His national visibility coincided with CEE being ranked #1 in Canada for civil engineering multiple years during his tenure.

He is currently organizing and co-chairing a CSCE Conference in Egypt in collaboration with the department of construction engineering at the American University in Cairo, marking the first CSCE conference in the Middle East and Africa.

Students on planes overseas

Closer to home, 2024 was the year El Damatty realized one of his longest-standing ambitions: providing international experience opportunities for a large number of departmental students. Working with South China University of Technology and industry partners, he facilitated summer placements for 12 Western students in Guangzhou, China. This was in addition to placements for four students in Havana, Cuba, through his collaboration with the Technical University of Havana.

The model is now being adapted for Egypt, Thailand and Kazakhstan. His efforts also expanded Western Engineering’s international footprint through dual-PhD agreements he established with reputable universities in Cuba, China, Brazil, Egypt and Italy, benefiting many graduate researchers.

A culture, not just a calendar

Colleagues describe El Damatty’s leadership style with a consistency that is hard to fake. The phrase that came up repeatedly in support letters was simple: he showed up for people.

In 2024, Saber Moradi joined CEE as a new tenure-track faculty member. Within months, El Damatty had stepped away from his own sabbatical activities to review multiple drafts of Moradi’s research grant applications.

“Dr. El Damatty’s willingness to pause his own sabbatical activities to mentor a new colleague demonstrates a level of dedication that fosters a supportive and collaborative culture within Western Engineering,” Moradi said.

That ethic extends to staff. Aiham Adawi has worked alongside El Damatty for nearly two decades as a student, an instructor and now as CEE Lab Manager.

“Dr.
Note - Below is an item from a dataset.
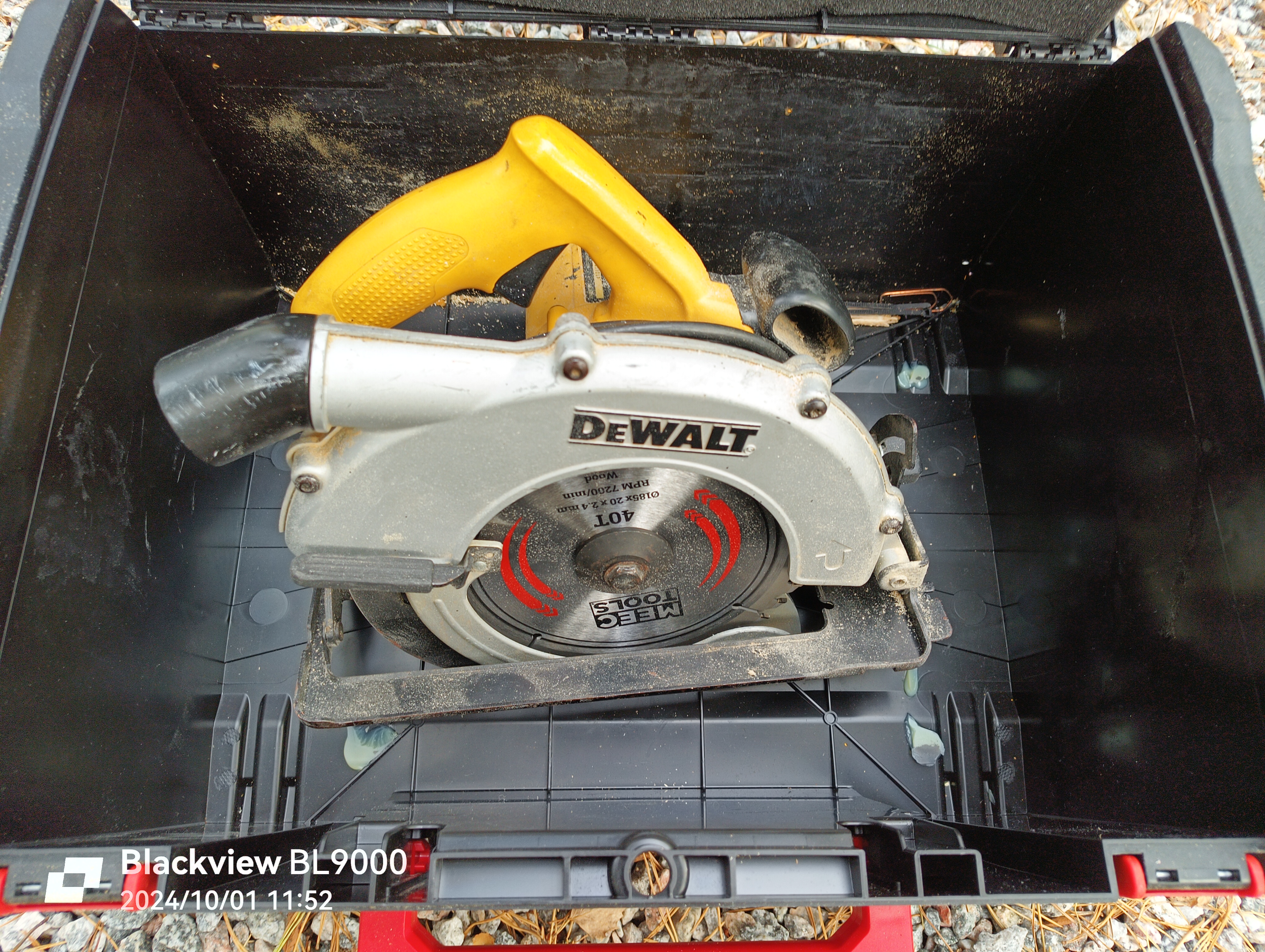 Dewalt cirkelsåg 230v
Ashraf has always put the benefit of the department as his priority and was always striving to make it successful at all levels,” Adawi said.

Asked what pulls him toward those quiet acts of mentorship, El Damatty traces it back to the department itself.

“As university professors, I believe we have both an ethical and professional responsibility to support our colleagues and students so they can achieve their greatest potential,” he said. “I was raised within this culture at Western’s Department of Civil and Environmental Engineering, and I believe it is one of the main reasons for the success and collegiality our department has enjoyed over the years.”

A model that outlasts the term

Among the quieter achievements of 2024 was the consolidation of CEE’s CEAB Graduate Attribute assessment system — a key accreditation infrastructure that other Western Engineering departments have since adopted as a model.

For nominator Clare Robinson, that lasting institutional impact is exactly the point.

“Western Engineering would be hard-pressed to find a leader who demonstrates the same level of commitment, dedication and impact that Dr. El Damatty brought to his administrative leadership at the Faculty, institutional and national levels,” Robinson said.